Materials provided ▸
=== Begin Enclosure ===

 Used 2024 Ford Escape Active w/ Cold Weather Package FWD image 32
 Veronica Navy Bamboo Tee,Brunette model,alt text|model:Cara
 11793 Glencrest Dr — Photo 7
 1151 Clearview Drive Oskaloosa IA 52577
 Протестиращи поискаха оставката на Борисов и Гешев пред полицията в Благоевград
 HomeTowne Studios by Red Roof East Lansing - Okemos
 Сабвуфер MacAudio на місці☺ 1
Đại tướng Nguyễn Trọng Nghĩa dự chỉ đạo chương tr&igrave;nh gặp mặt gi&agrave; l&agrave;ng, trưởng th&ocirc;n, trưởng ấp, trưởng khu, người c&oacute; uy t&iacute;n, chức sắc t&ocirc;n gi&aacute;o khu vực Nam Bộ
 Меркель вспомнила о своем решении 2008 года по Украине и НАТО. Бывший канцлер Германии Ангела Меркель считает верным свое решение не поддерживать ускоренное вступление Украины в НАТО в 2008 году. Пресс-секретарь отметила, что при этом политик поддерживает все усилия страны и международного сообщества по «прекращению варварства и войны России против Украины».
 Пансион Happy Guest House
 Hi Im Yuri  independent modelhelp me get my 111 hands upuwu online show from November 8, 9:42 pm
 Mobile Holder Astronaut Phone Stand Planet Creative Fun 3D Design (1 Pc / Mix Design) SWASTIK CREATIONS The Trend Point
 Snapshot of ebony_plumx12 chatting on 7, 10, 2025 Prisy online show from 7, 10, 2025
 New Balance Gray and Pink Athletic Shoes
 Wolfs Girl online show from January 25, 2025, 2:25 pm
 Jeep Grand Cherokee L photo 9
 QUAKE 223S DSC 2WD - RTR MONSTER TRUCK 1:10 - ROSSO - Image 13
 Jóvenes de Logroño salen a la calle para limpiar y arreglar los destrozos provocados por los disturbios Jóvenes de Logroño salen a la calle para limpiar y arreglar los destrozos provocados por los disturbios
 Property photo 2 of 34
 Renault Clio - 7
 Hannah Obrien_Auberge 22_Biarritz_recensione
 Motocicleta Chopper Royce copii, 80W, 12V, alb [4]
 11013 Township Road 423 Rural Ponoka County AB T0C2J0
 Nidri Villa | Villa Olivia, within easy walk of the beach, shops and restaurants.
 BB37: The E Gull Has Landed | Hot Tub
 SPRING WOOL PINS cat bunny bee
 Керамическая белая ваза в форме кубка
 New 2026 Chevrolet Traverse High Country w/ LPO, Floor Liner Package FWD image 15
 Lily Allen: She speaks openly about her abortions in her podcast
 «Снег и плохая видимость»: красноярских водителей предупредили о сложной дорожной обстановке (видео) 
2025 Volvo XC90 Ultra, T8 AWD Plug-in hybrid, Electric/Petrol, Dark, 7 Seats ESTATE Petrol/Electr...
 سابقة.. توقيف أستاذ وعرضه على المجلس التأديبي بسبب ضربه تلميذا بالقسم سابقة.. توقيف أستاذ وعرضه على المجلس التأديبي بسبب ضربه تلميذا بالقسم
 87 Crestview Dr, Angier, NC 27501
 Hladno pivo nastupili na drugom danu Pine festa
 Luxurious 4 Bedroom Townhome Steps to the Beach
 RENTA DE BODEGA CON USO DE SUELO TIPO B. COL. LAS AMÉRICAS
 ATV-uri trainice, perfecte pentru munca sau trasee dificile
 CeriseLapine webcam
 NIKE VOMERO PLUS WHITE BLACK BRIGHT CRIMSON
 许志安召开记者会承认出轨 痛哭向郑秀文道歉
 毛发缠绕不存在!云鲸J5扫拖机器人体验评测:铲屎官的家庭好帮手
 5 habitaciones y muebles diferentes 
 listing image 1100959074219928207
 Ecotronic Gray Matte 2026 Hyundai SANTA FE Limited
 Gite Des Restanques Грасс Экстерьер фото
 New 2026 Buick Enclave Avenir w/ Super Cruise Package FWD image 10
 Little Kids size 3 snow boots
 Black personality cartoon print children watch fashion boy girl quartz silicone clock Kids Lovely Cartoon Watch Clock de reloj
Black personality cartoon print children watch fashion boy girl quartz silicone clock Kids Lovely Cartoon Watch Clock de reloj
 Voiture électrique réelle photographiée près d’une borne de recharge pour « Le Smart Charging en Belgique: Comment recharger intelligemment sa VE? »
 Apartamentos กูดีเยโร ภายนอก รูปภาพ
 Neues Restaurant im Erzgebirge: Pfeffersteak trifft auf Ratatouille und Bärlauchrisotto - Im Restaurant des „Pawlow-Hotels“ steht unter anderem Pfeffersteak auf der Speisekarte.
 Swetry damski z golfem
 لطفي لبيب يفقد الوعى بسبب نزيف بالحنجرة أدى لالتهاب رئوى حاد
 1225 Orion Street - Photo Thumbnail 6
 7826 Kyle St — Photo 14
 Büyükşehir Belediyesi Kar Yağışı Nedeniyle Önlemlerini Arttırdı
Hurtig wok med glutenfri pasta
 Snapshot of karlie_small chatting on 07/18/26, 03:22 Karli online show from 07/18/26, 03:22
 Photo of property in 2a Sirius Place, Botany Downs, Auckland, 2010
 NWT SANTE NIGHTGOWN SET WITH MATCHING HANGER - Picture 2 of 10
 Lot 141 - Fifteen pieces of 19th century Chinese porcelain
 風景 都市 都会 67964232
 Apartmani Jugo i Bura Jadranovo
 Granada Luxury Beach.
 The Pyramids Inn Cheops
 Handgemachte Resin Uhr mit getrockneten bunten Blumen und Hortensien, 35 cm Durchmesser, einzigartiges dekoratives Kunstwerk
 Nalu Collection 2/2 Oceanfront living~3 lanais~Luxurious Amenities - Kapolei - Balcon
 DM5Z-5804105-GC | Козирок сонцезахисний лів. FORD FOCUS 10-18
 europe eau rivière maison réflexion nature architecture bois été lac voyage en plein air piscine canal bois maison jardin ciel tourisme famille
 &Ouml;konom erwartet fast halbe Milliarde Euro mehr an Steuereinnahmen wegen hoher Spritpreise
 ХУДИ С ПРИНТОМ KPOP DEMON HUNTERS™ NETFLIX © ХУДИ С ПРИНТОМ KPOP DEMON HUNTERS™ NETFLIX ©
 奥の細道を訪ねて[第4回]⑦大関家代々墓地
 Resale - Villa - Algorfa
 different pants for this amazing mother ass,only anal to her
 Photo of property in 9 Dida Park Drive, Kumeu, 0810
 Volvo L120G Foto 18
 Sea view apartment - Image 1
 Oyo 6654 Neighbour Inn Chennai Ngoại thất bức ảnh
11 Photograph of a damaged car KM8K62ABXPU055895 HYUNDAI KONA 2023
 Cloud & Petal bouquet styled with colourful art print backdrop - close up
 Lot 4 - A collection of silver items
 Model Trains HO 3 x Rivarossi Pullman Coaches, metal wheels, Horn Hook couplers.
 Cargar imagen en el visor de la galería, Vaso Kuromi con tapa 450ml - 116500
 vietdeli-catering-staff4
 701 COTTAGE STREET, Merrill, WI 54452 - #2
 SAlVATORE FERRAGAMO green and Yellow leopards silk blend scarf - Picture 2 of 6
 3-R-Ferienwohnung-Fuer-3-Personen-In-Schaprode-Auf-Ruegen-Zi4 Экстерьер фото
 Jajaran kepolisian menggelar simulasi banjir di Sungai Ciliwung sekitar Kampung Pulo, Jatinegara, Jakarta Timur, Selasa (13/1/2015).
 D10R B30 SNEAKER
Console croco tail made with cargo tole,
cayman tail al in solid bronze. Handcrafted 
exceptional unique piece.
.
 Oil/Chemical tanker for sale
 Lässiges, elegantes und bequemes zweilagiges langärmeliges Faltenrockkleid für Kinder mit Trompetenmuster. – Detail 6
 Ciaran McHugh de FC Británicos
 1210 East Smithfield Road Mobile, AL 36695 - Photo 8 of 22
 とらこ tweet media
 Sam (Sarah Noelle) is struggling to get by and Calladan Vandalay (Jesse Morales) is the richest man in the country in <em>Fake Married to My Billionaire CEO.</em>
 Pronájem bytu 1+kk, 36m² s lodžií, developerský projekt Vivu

=== End Enclosure ===

Prompt ▸
Using the data above, print exactly the lines from the line that contains "Jajaran kepolisian menggelar" through the line that contains "とらこ tweet media", with both included.

Response to the task ▸
 Jajaran kepolisian menggelar simulasi banjir di Sungai Ciliwung sekitar Kampung Pulo, Jatinegara, Jakarta Timur, Selasa (13/1/2015).
 D10R B30 SNEAKER
Console croco tail made with cargo tole,
cayman tail al in solid bronze. Handcrafted 
exceptional unique piece.
.
 Oil/Chemical tanker for sale
 Lässiges, elegantes und bequemes zweilagiges langärmeliges Faltenrockkleid für Kinder mit Trompetenmuster. – Detail 6
 Ciaran McHugh de FC Británicos
 1210 East Smithfield Road Mobile, AL 36695 - Photo 8 of 22
 とらこ tweet media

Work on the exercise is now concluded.